* _What you should do_: Here the job is to transcribe the data verbatim while leaving each picture out.

* _Dataset section_:
•••

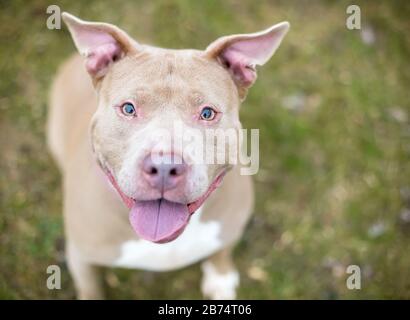 A happy fawn colored Pit Bull Terrier mixed breed dog sitting outdoors Stock Photo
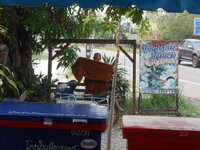 DSCN9737.JPG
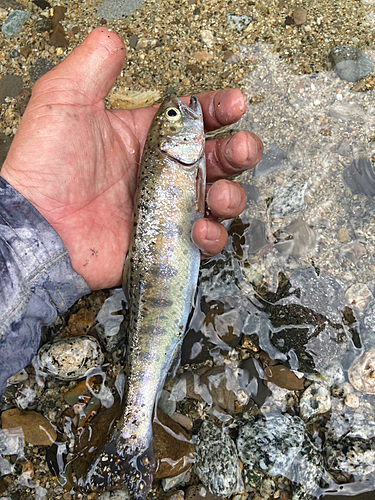 ヤマメの釣果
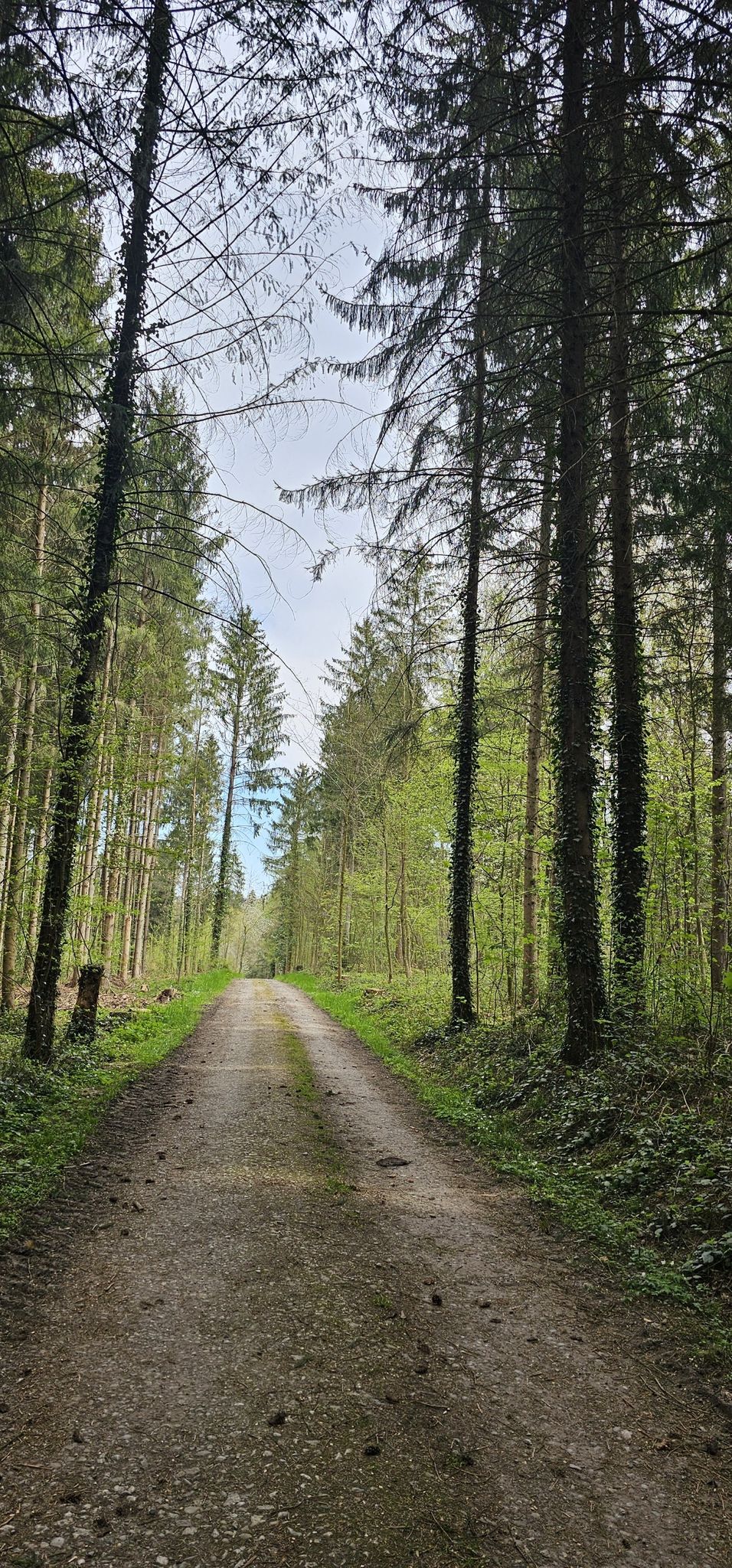 Les sous-bois au printemps... j'adore !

•••

* _Output of the exercise_:
 A happy fawn colored Pit Bull Terrier mixed breed dog sitting outdoors Stock Photo
 DSCN9737.JPG
 ヤマメの釣果
 Les sous-bois au printemps... j'adore !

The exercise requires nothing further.